The world is filled with teenagers like Mo Islam, who now says he never made a dime on the stock market. They play fast and loose with facts. But they don’t usually get the treatment Islam just got in Sunday’s issue of New York magazine.

Now the magazine has issued an apology for that story about the high school senior. “We were duped,” reads a statement released Tuesday and also posted as an editor’s note on the story itself. “Our fact-checking process was obviously inadequate; we take full responsibility and we should have known better. New York apologizes to our readers.”

The article, reported and written by staff writer Jessica Pressler, begins with a rumor. Someone — it’s unspecified who — said Mo had pocketed $72 million by trading penny stocks. “An unbelievable amount of money for anyone, not least a high-school student, but as far as rumors go, this one seemed legit,” Pressler wrote. The original headline: “A Stuyvesant Senior Made $72 Million Trading Stocks on His Lunch Break.”

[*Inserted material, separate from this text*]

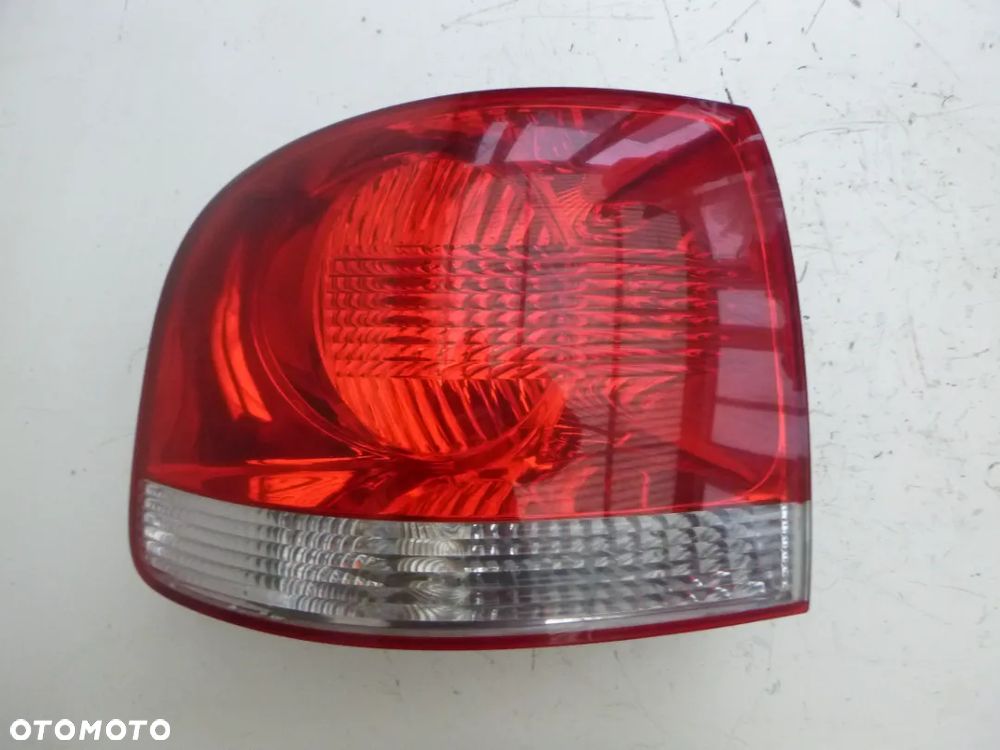 VW Touareg 7L lampa błotnika lewy tył - 1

“As part of the research process, the magazine sent a fact-checker to Stuyvesant [High School], where Islam produced a document that appeared to be a Chase bank statement attesting to an eight-figure bank account,” the magazine said Tuesday. “After the story’s publication, people questioned the $72 million figure in the headline, which was written by editors based on the rumored figure. The headline was amended.”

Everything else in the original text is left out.